Your goal
These records contain pictures, which must be left out; copy exactly the lines from the one with "140g 4袋入 P-164" up to and including the one with "<em>Gladiolus</em> 'Lakeland'<sup>PBR</sup> (L)".

Supplied entries

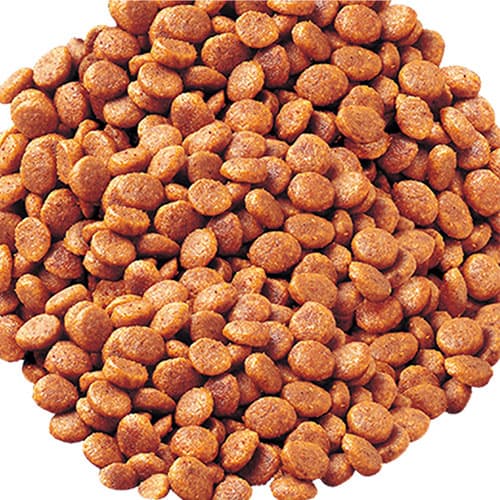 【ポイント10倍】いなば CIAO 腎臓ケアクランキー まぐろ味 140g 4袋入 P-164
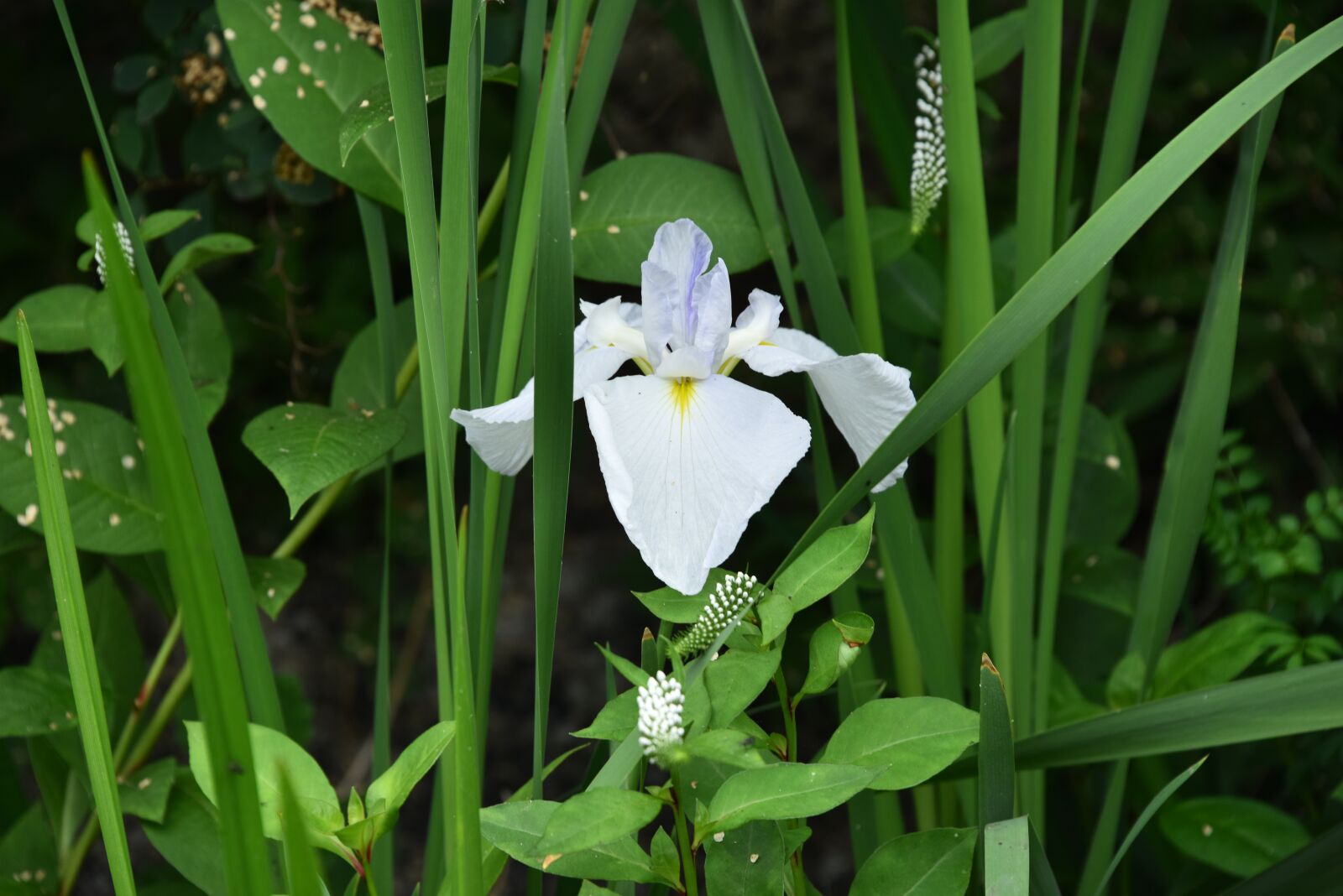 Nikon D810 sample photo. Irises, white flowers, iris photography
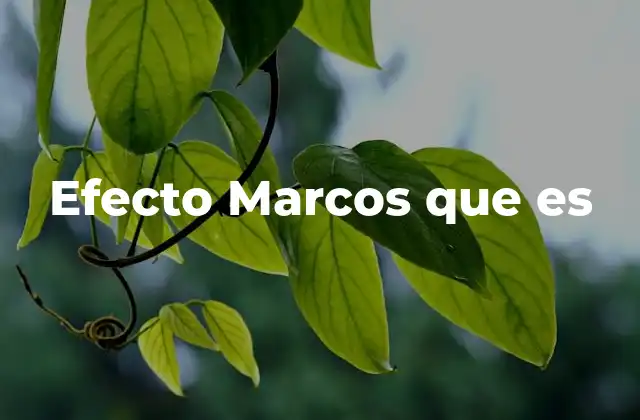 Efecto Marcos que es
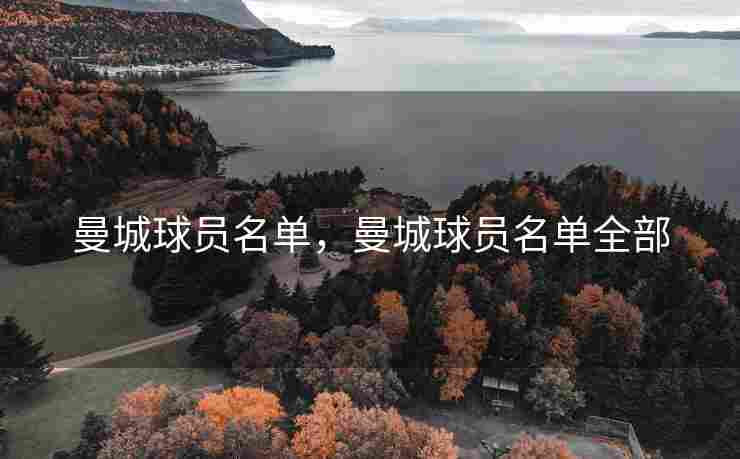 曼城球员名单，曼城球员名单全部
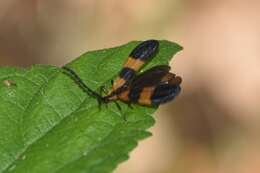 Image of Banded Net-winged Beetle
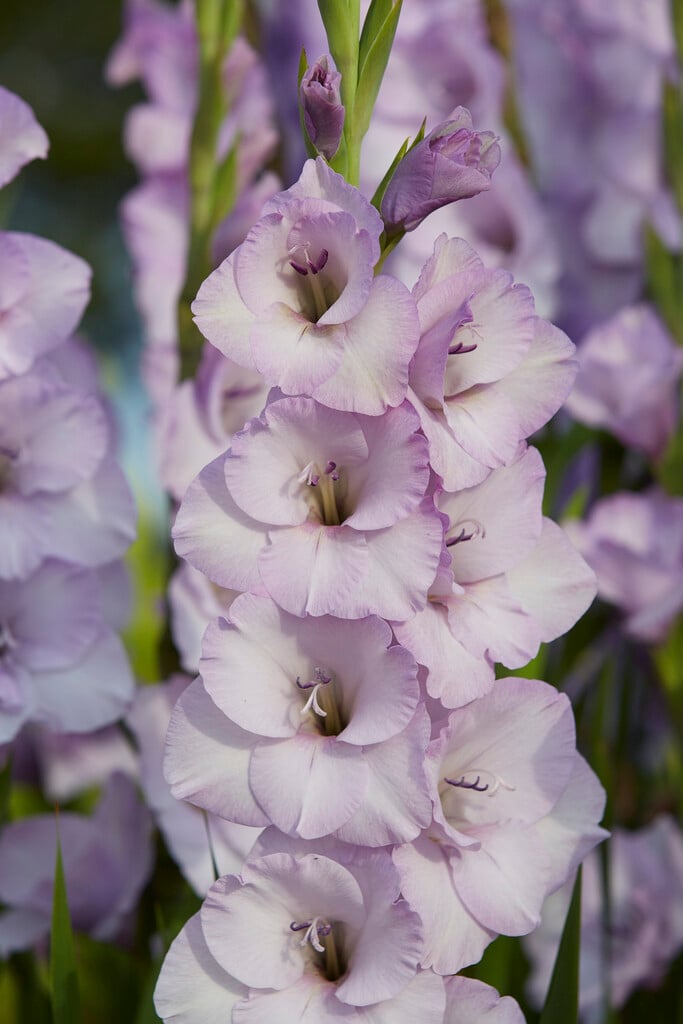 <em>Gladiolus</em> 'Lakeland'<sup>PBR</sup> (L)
* * *
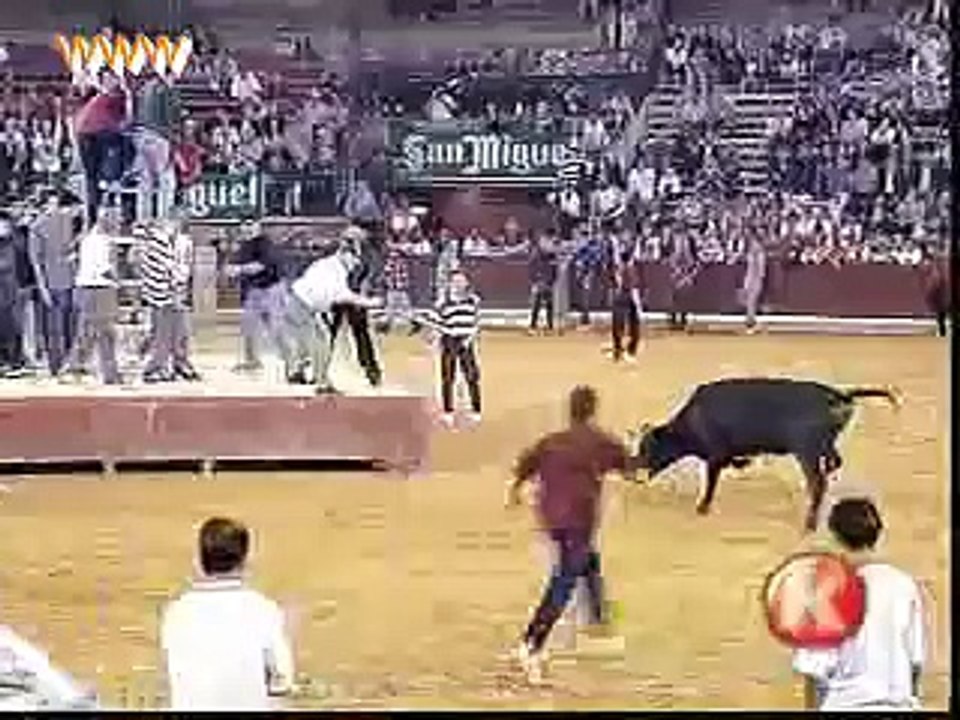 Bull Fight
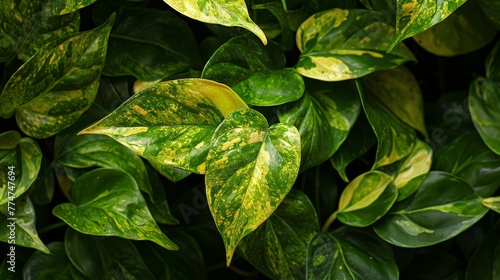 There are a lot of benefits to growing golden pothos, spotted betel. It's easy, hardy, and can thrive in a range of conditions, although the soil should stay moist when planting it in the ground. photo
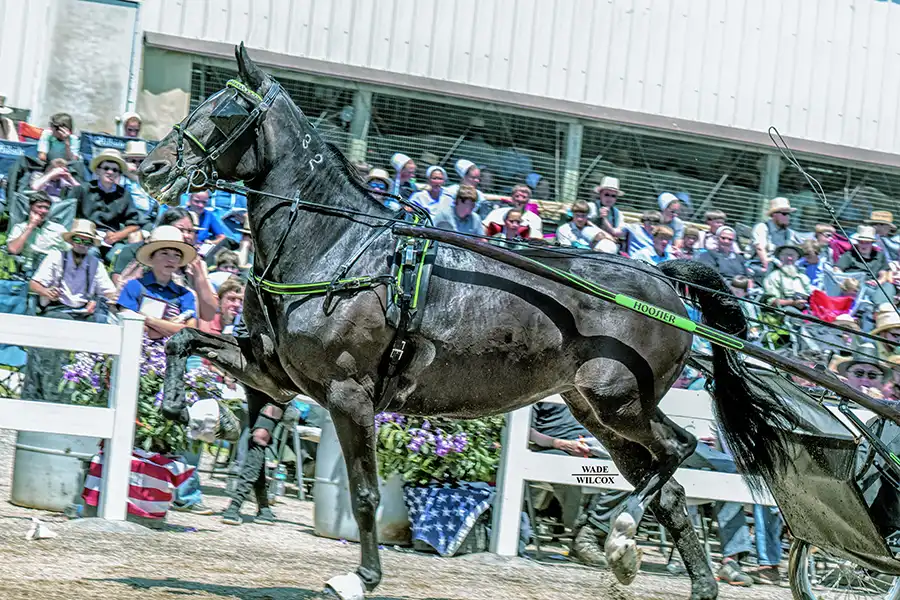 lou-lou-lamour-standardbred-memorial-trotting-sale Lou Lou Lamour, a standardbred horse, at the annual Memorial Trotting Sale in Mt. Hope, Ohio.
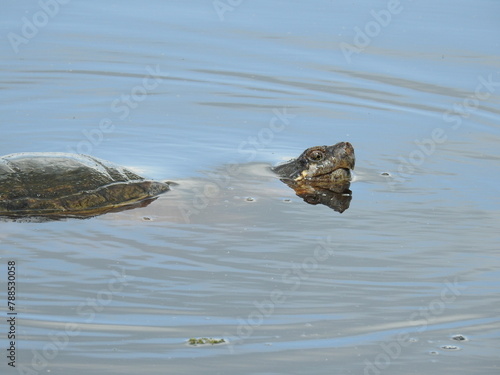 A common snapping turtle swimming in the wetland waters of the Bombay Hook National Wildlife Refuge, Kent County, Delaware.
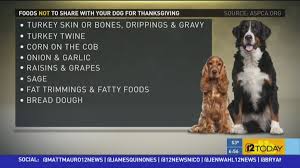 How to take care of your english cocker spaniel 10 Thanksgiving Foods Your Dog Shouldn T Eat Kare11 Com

Task output
 【ポイント10倍】いなば CIAO 腎臓ケアクランキー まぐろ味 140g 4袋入 P-164
 Nikon D810 sample photo. Irises, white flowers, iris photography
 Efecto Marcos que es
 曼城球员名单，曼城球员名单全部
 Image of Banded Net-winged Beetle
 <em>Gladiolus</em> 'Lakeland'<sup>PBR</sup> (L)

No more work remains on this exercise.